Page MenuHomePhabricator

Add a hash or CRC module to Scribunto
Closed, ResolvedPublic

Description

Needed for being able to generate unique reference names for references created from Wikidata. Because of the general nature of this, I think the module should rather live in Scribunto than in ArticlePlaceholder or even Wikibase.

I suggest using md5 which is fast and good enough for the use cases at hand.

Related change: https://gerrit.wikimedia.org/r/296177

Event Timeline

hoo created this task.Aug 10 2016, 4:23 PM
Restricted Application added a subscriber: Aklapper. · View Herald TranscriptAug 10 2016, 4:23 PM
hoo updated the task description. (Show Details)Aug 10 2016, 5:10 PM
Lucie added a subscriber: Lucie.Aug 12 2016, 4:11 PM

Seems sane enough.
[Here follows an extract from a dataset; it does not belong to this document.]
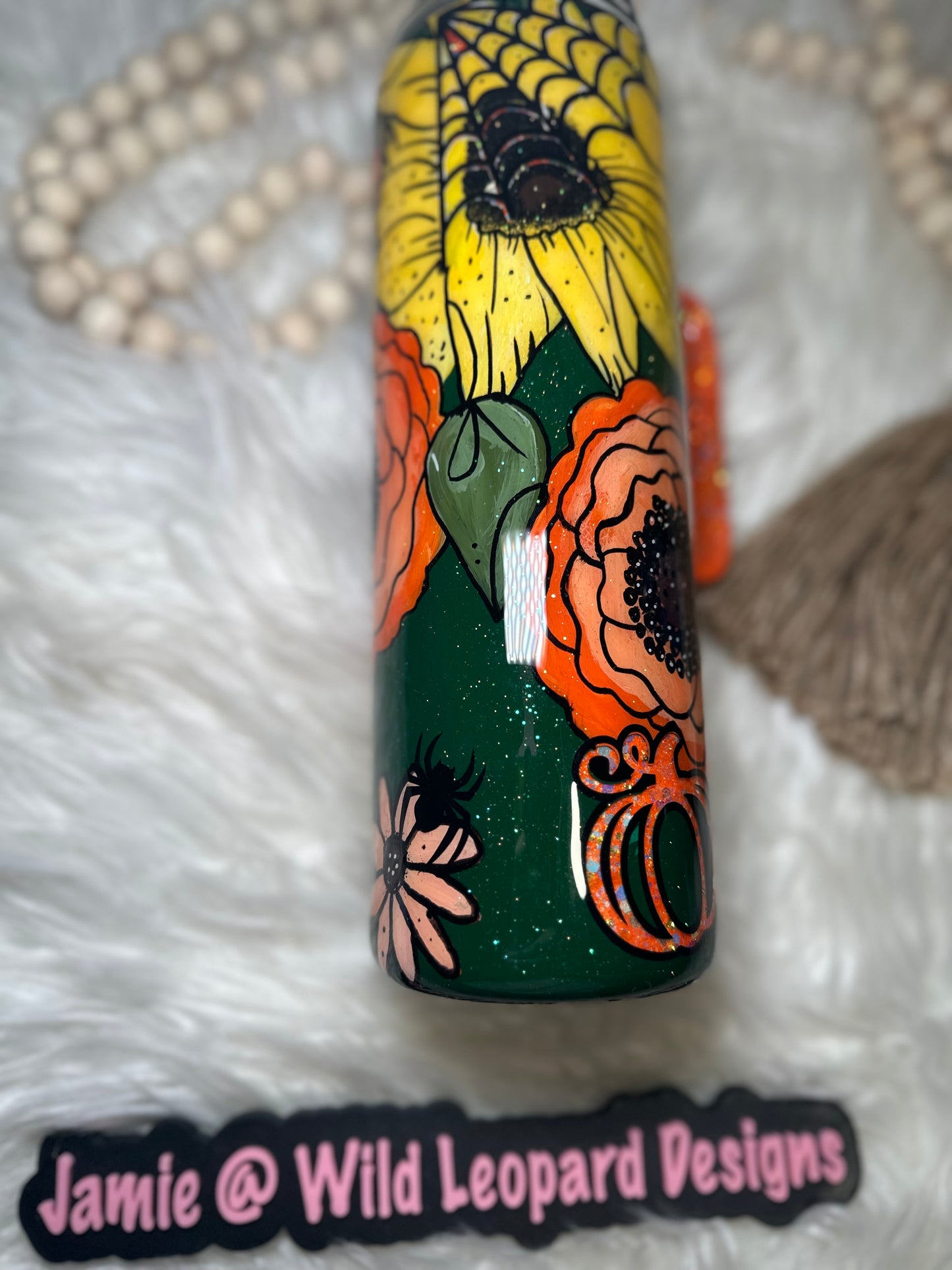 Hand painted with pumpkin peekaboo 30 oz handle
It could easily be done with a simple wrapper to call PHP's hash() (and maybe related functions) rather than implementing hashing in pure Lua.

Change 304933 had a related patch set uploaded (by Hoo man):
Add mw.hash to Scribunto

https://gerrit.wikimedia.org/r/304933

hoo added a comment.Aug 15 2016, 10:21 PM

Seems sane enough. It could easily be done with a simple wrapper to call PHP's hash() (and maybe related functions) rather than implementing hashing in pure Lua.

That sounds good to me, I've taken a shot at implementing this.

Change 304933 merged by jenkins-bot:
Add mw.hash to Scribunto

https://gerrit.wikimedia.org/r/304933

hoo closed this task as Resolved.Aug 18 2016, 3:37 PM
hoo claimed this task.
hoo removed a project: Patch-For-Review.
hoo moved this task from Incoming to Done on the ArticlePlaceholder board.

Hi @hoo, we've been implementing the functionality mentioned in the task description, namely generating unique reference names for references created from Wikidata (and solving some adjacent problems), in ruwiki (after T175725: Deploy HTML5 sections to WMF production was done for ruwiki and some things broke). Do you have any thoughts on which algorithm is better suited for generating hash values for references? I've done my modest research and stopped at fnv164 as it is fast, and 64-bit hash reduces collision probability to a negligibly small value. But maybe I am missing something.

The choice hash_algos() gives is the following:

"adler32", "crc32", "crc32b", "fnv132", "fnv164", "fnv1a32", "fnv1a64", "gost", "haval128,3", "haval128,4", "haval128,5", "haval160,3", "haval160,4", "haval160,5", "haval192,3", "haval192,4", "haval192,5", "haval224,3", "haval224,4", "haval224,5", "haval256,3", "haval256,4", "haval256,5", "joaat", "md2", "md4", "md5", "ripemd128", "ripemd160", "ripemd256", "ripemd320", "sha1", "sha224", "sha256", "sha3-224", "sha3-256", "sha3-384", "sha3-512", "sha384", "sha512", "snefru", "tiger128,3", "tiger128,4", "tiger160,3", "tiger160,4", "tiger192,3", "tiger192,4", "whirlpool"
Anomie added a comment.Nov 3 2017, 1:46 PM

This task is not the place to ask such questions. Your best bet would be to contact hoo on a wiki, on IRC, or via email. Even better would be to take advantage of a public mailing list, wiki help page, or Technical Advice IRC Meeting to ask your questions.

Thank you, @Anomie, I will choose another place. Actually, the lack of a place where local wikis' technicians could consult with MediaWiki developers seems to me to be an actual problem, not sure if the places you listed fulfill this need completely.